In April 2015, the FASB issued guidance, which amends current presentation guidance by requiring that debt issuance costs related to a recognized debt liability be presented in the balance sheet as a direct deduction from the carrying amount of that debt liability, consistent with debt discounts. Prior to the issuance this guidance, debt issuance costs were required to be presented as an asset in the balance sheet. The Company adopted the provisions of the new guidance during the interim period ended March 31, 2016 and prior period amounts have been reclassified to conform to the current period presentation. As of December 31, 2015, $0.4 million of debt issuance costs were reclassified in the consolidated balance sheet from prepaid expenses and other current assets to current portion of long-term debt. The adoption of ASU 2015-03 did not impact the Company's consolidated statement of operations, comprehensive income (loss) or cash flows.

In July 2015, the FASB issued new accounting guidance, which changes the measurement principle for inventory from the lower of cost or market to lower of cost and net realizable value for entities that do not measure inventory using the last-in, first-out or retail inventory method. The guidance also eliminates the requirement for these entities to consider replacement cost or net realizable value less an approximately normal profit margin when measuring inventory. The guidance is effective for annual periods beginning after December 15, 2016, and interim periods within those annual periods. The Company is evaluating the impact of adopting this new accounting standard on its financial statements.

In February 2016, the FASB issued new accounting guidance, which changes several aspects of the accounting for leases, including the requirement that all leases with durations greater than twelve months be recognized on the balance sheet.
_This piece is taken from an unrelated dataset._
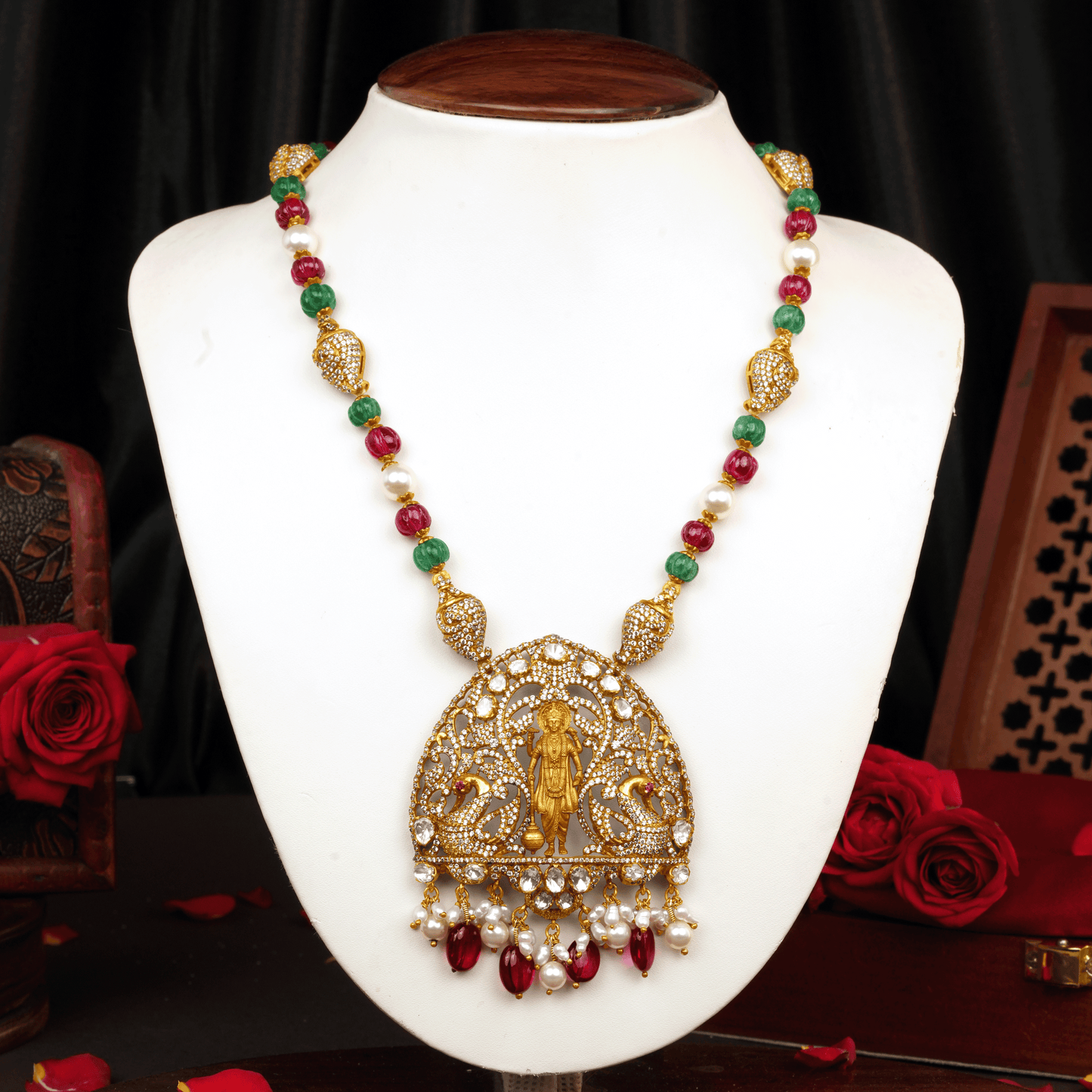 Graceful Victor Gold Haaram with Lakshmi Pendant, Ruby and Emerald Beads, and Pearl Accents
The guidance is effective for annual periods and interim periods in fiscal years beginning after December 15, 2018. The Company is evaluating the impact of adopting this new accounting standard on its financial statements.
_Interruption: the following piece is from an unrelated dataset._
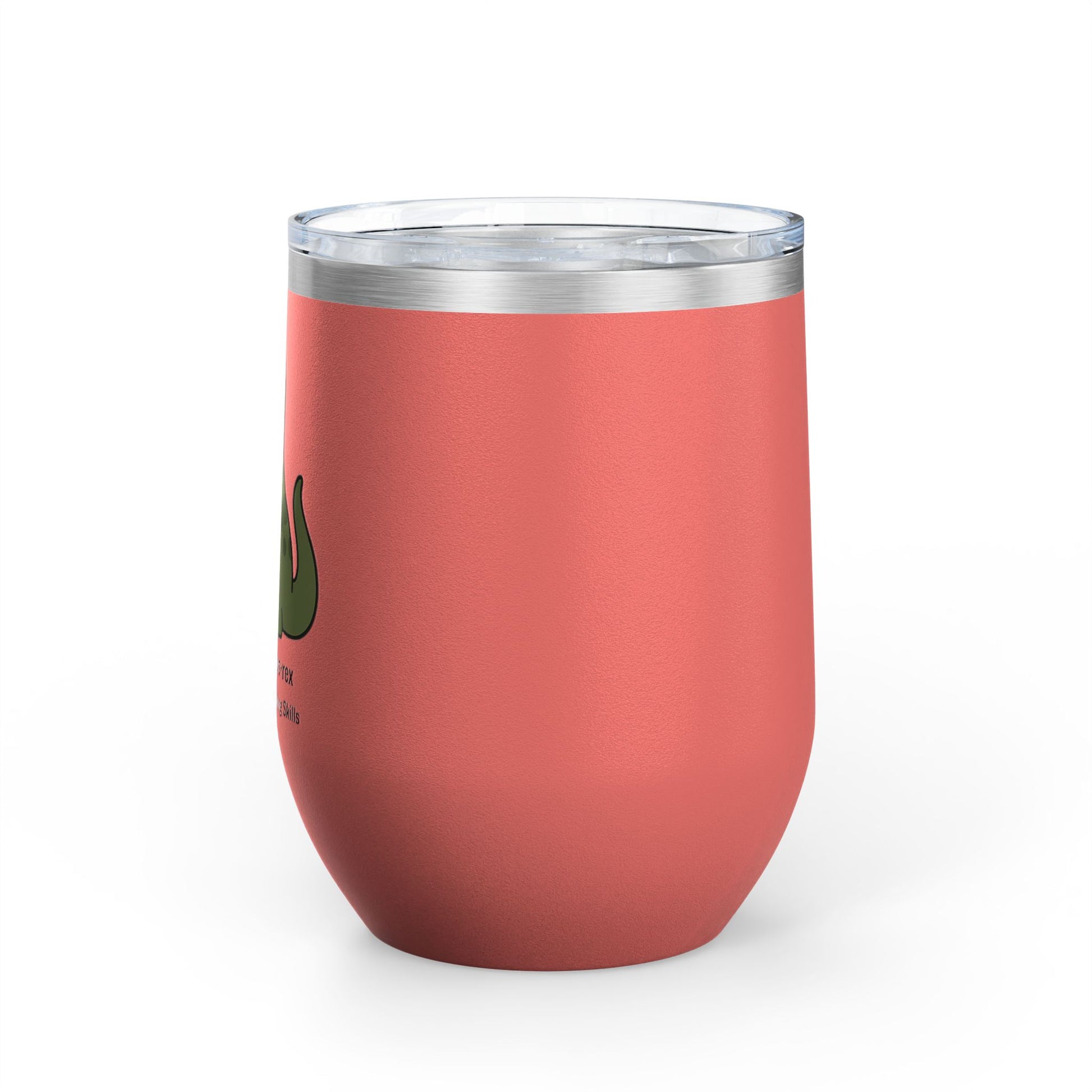 Wine Tumbler with Dinosaur Anxiety, Funny Gift for Dinosaur Lovers, Cute Travel Mug, Humor for Wine Enthusiasts, T-Rex Coping Skills Cup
In March 2016, the FASB issued new accounting guidance, which changes several aspects of the accounting for share-based payment award transactions, including accounting and cash flow classification for excess tax benefits and deficiencies, forfeitures, and tax withholding requirements and cash flow classification. The guidance is effective for annual periods and interim periods in fiscal years beginning after December 15, 2016. The Company is evaluating the impact of adopting this new accounting standard on its financial statements.

In August 2016, the FASB issued new accounting guidance, which eliminates the diversity in practice related to the classification of certain cash receipts and payments in the statement of cash flows, by adding or clarifying guidance on eight specific cash flow issues. The guidance is effective for annual and interim reporting periods beginning after December 15, 2017, with early adoption permitted. The amendments in this update should be applied retrospectively to all periods presented, unless deemed impracticable, in which case, prospective application is permitted. The Company is currently evaluating the new guidance and has not determined the impact this standards update may have on its financial statements.